Binary neural network training

I’m doing a binary neural network training (weights constrained to be either 0 or 1). My model is


In JAGS it looks like

model {
  for (i in 1:length(y)) {
    y[i] ~ dbern(p[i])
    logit(p[i]) = z[i,2] - z[i,1]
    z[i,1:2] = w %*% x[i,]
  }
  for (i_output in 1:2) {
    for (j_input in 1:25) {
      w[i_output, j_input] ~ dbern(0.5)
    }
  }
}

I started simple: a vector of 25 binary values (MNIST 5x5) is fed into a network with binary weights and binary outputs - label 0 or 1 is taken as argmax softmax of the activations W * x like so:
y_predicted = argmax{ softmax(W * x) }
When I finish with this toy example, I’ll go for a full MNIST 28x28 with a true softmax (not a logit).

I’d like to port this toy model in PyMC3. I’m struggling with matrix multiplication W * x. How to implement such a model?
What I expect to see in PyMC3 is something like this:

data = pd.read_csv("https://www.dropbox.com/s/l7uppxi1wvfj45z/MNIST56_train.csv?dl=1")
x = data.loc[:, :25]  # MNIST 5x5 flatten
y = data.loc[:, 25]  # label 0 or 1

basic_model = pm.Model()  # am I right here?

with basic_model:
    # Priors for unknown model parameters
    w = pm.Bernoulli('w', p=0.5)
    logit_p = w %*% x
    y_obs = pm.Bernoulli('y_obs', logit_p=logit_p, observed=y)

    step = pm.Slice()  # what sampler to use??
    trace = pm.sample(1000, step=step, njobs=1, chains=3, n_init=1000)

You need to make sure the shape is correct here, since x has shape of (n, 25), the weight should be (25, 1), something like below should work:

import theano.tensor as tt

with basic_model:
    w = pm.Bernoulli('w', p=0.5, shape=(25, 1))
    logit_p = tt.dot(x, w)
    ...

@junpenglao
Thanks, that does the job for a binary classifier.
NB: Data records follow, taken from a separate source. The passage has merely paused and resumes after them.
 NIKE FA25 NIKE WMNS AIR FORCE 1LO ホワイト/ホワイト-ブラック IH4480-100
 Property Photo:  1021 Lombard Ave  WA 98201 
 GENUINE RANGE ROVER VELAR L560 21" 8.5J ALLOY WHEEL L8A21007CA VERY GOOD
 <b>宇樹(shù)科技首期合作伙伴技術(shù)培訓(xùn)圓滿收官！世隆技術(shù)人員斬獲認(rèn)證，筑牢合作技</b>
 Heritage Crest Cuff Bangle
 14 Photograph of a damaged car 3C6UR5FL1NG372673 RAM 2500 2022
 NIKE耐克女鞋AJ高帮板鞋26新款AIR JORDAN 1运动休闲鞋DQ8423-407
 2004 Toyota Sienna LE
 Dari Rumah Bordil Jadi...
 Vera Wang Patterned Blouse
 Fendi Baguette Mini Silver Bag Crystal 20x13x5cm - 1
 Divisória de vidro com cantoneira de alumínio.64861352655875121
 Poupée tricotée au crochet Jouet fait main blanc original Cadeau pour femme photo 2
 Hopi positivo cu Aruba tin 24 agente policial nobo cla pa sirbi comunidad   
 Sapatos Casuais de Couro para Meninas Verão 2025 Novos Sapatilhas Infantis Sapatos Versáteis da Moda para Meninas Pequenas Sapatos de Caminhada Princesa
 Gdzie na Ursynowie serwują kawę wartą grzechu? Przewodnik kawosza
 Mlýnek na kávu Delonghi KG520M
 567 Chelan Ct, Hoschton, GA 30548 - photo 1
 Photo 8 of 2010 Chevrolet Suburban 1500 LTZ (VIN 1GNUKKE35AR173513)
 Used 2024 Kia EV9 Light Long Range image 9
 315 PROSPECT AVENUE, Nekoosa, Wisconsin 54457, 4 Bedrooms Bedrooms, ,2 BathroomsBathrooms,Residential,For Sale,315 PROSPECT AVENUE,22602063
The complete and ready-to-run source code is here.

Now I want to switch to a multi-class problem, where the output of my network is a softmax that tells the probability of belonging to the particular class among 10. How to model such a layer? Something like Multivariate Bernoulli distribution, constrained to have only one bit activate among 10… I know this is not a PyMC-related question, though.

you can extend the dimension of w so that the dot product returns a (n, k) matrix where k=10:

with basic_model:
    w = pm.Bernoulli('w', p=0.5, shape=(25, 10))
    p = tt.nnet.softmax(tt.dot(x, w))

There is a similar example here: Multinomial with Random Effects on panel data (shape issues)

Yes, Multinomial with n=1 seems to capture what I need. Yet sampling even 10 draws of 784x10 binary matrix on full 60000 MNIST digits data will take days. The idea was to take advantage of Bayesian techniques to optimize neural networks in a case when parameter space is small (constrained to be binary). This example shows that the direct approach is hopeless in terms of the training time, compared to traditional gradient-based optimizations.

Anyway, for those who are interested, the source is here.

Yeah sampling from a large binary matrix is really slow in PyMC3 - you can try instead relax the requirement and sample from a matrix with value between 0 and 1.